What the task asks:
When you reach the line containing "comparative genomics plot" in the records below, set it down exactly, together with every later line through the end, but not the pictures.
Given data: Begin
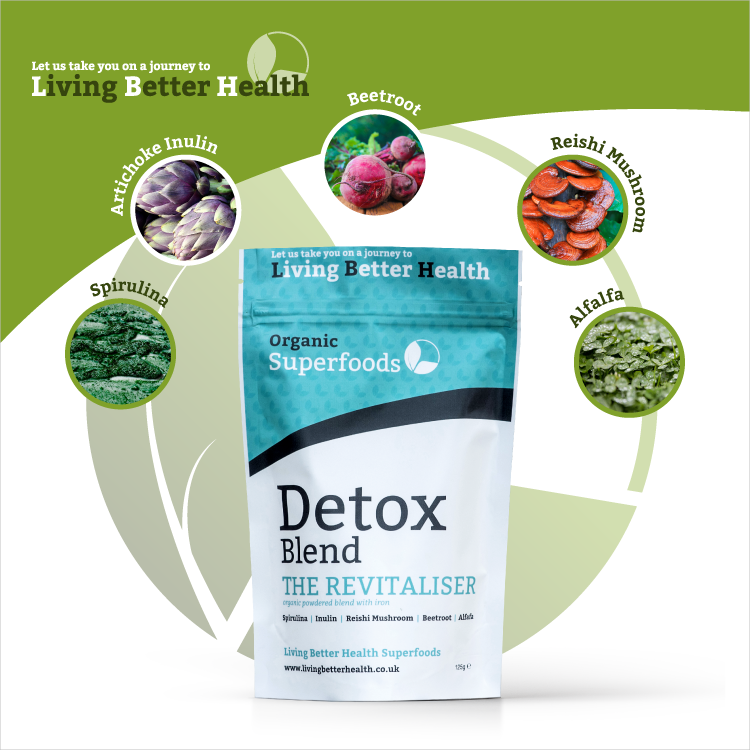 Спрей для лица органик. Органик детокс. Natura siberica detox organic sakhalin. Biogenom детокс. Detox kamchatka текстурирующий флюид-спрей для волос.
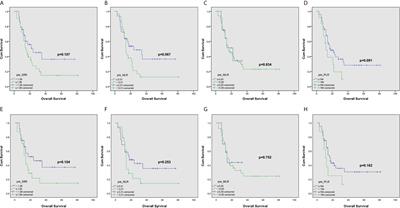 The Prognostic Value of Preoperative Systemic Inflammatory Response Index (SIRI) in Patients With High-Grade Glioma and the Establishment of a Nomogram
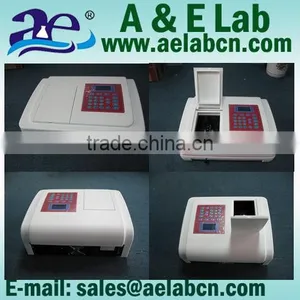 Multi-wavelength & DNA/Protein Test UV Spectrum Photometer thumbnail-5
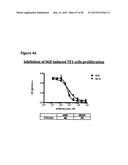 METHODS OF PREVENTING OR TREATING PAIN USING ANTI-NGF ANTIBODIES THAT     SELECTIVELY INHIBIT THE ASSOCIATION OF NGF WITH TRKA, WITHOUT AFFECTING     THE ASSOCIATION OF NGF WITH P75 diagram and image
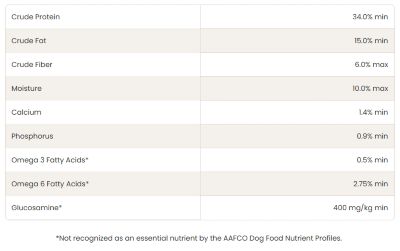 Image showing  Adult Grain-Free High-Protein Chicken Recipe Dry Dog Food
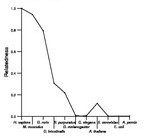 comparative genomics plot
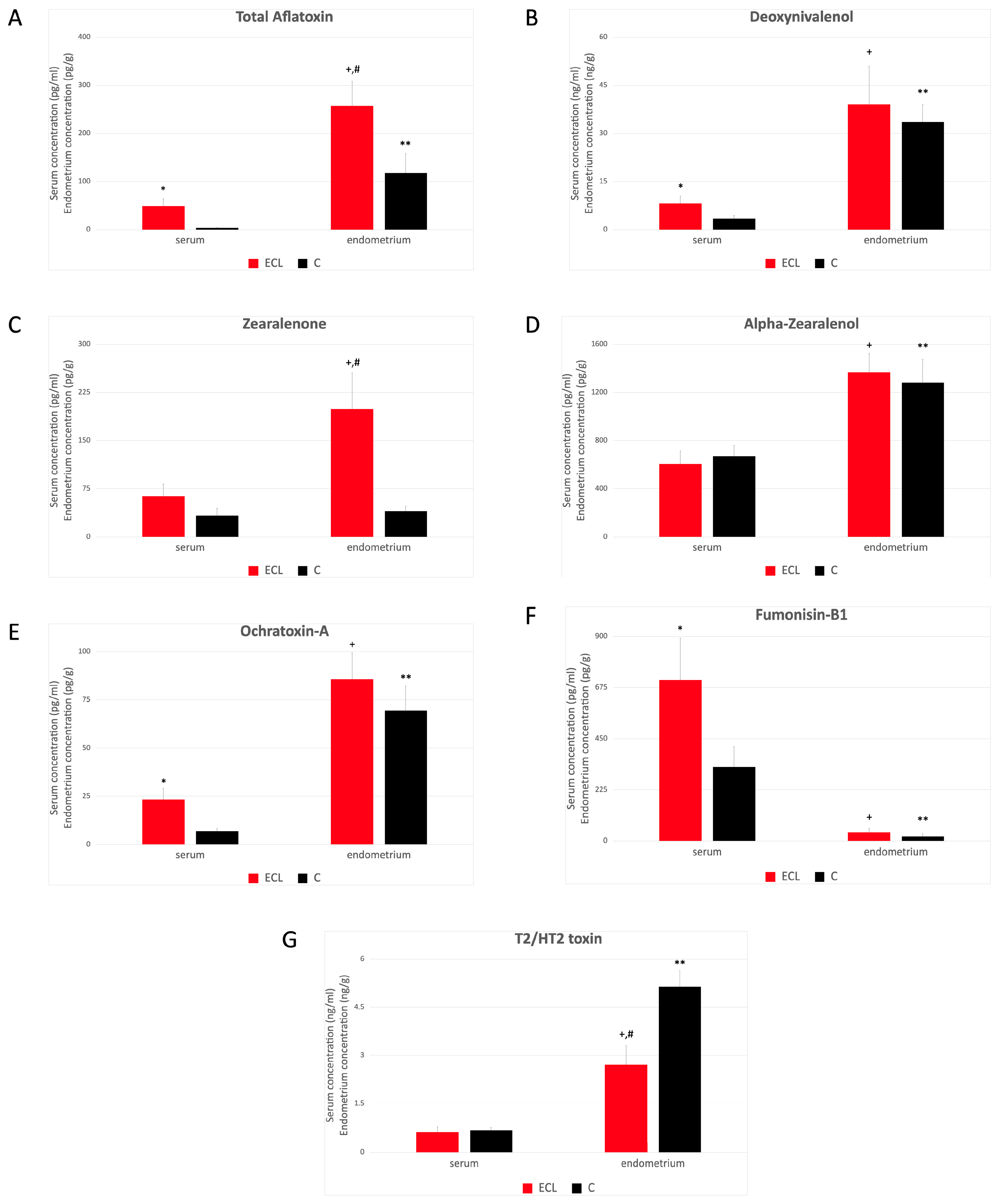 Toxins 16 00236 g002 Toxins 16 00236 g002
Given data: End
Task result:
 comparative genomics plot
 Toxins 16 00236 g002 Toxins 16 00236 g002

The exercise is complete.